Data extract =
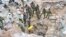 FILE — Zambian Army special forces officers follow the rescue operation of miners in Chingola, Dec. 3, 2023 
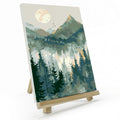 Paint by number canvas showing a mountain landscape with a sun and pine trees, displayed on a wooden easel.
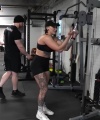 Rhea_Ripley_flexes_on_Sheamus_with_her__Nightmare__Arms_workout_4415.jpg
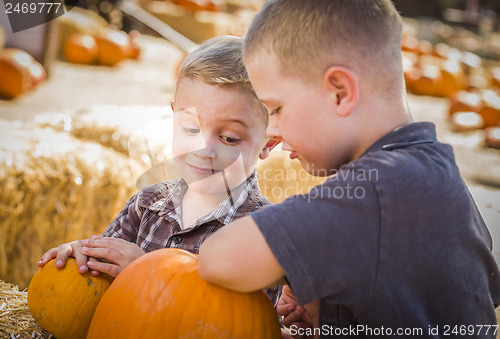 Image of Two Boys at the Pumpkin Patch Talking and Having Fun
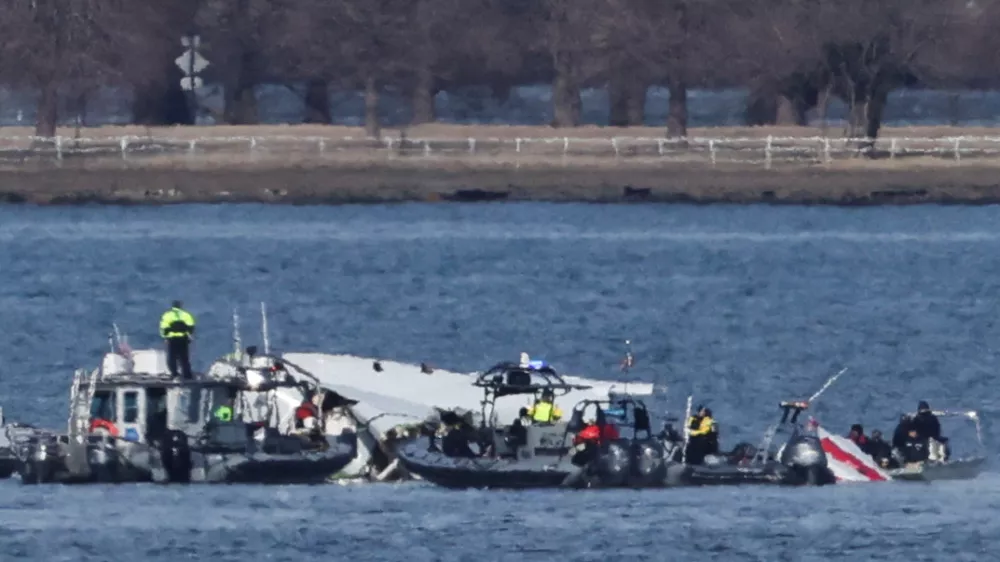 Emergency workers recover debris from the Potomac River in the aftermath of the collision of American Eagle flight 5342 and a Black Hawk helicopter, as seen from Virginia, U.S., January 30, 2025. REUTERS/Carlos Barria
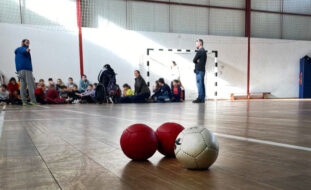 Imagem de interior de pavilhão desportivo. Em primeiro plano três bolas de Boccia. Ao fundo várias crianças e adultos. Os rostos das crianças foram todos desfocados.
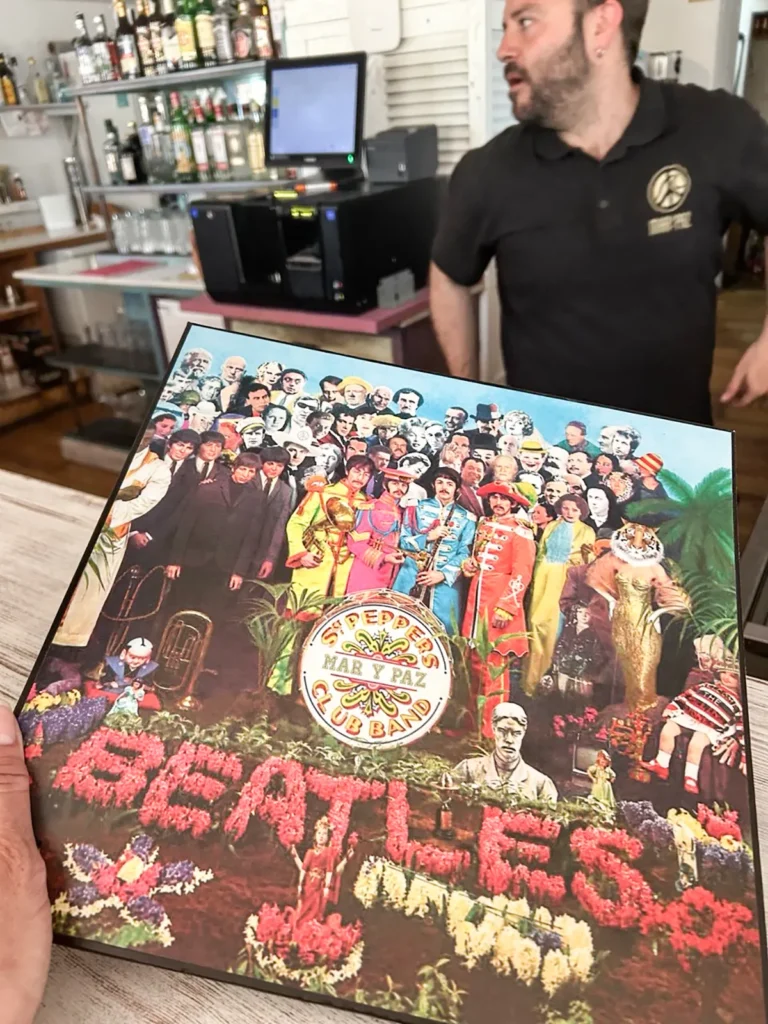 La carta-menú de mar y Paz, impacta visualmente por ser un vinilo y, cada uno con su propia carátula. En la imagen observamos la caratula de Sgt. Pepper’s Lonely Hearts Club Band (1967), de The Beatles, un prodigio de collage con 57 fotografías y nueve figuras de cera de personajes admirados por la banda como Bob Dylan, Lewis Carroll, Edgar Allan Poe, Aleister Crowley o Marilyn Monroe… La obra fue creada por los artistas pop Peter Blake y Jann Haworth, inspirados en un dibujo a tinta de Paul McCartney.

Task to carry out =
Please reproduce exactly and only the lines from the first line of the records through the line containing "Imagem de interior", both included, omitting any pictures.

Solution =
 FILE — Zambian Army special forces officers follow the rescue operation of miners in Chingola, Dec. 3, 2023 
 Paint by number canvas showing a mountain landscape with a sun and pine trees, displayed on a wooden easel.
 Rhea_Ripley_flexes_on_Sheamus_with_her__Nightmare__Arms_workout_4415.jpg
 Image of Two Boys at the Pumpkin Patch Talking and Having Fun
 Emergency workers recover debris from the Potomac River in the aftermath of the collision of American Eagle flight 5342 and a Black Hawk helicopter, as seen from Virginia, U.S., January 30, 2025. REUTERS/Carlos Barria
 Imagem de interior de pavilhão desportivo. Em primeiro plano três bolas de Boccia. Ao fundo várias crianças e adultos. Os rostos das crianças foram todos desfocados.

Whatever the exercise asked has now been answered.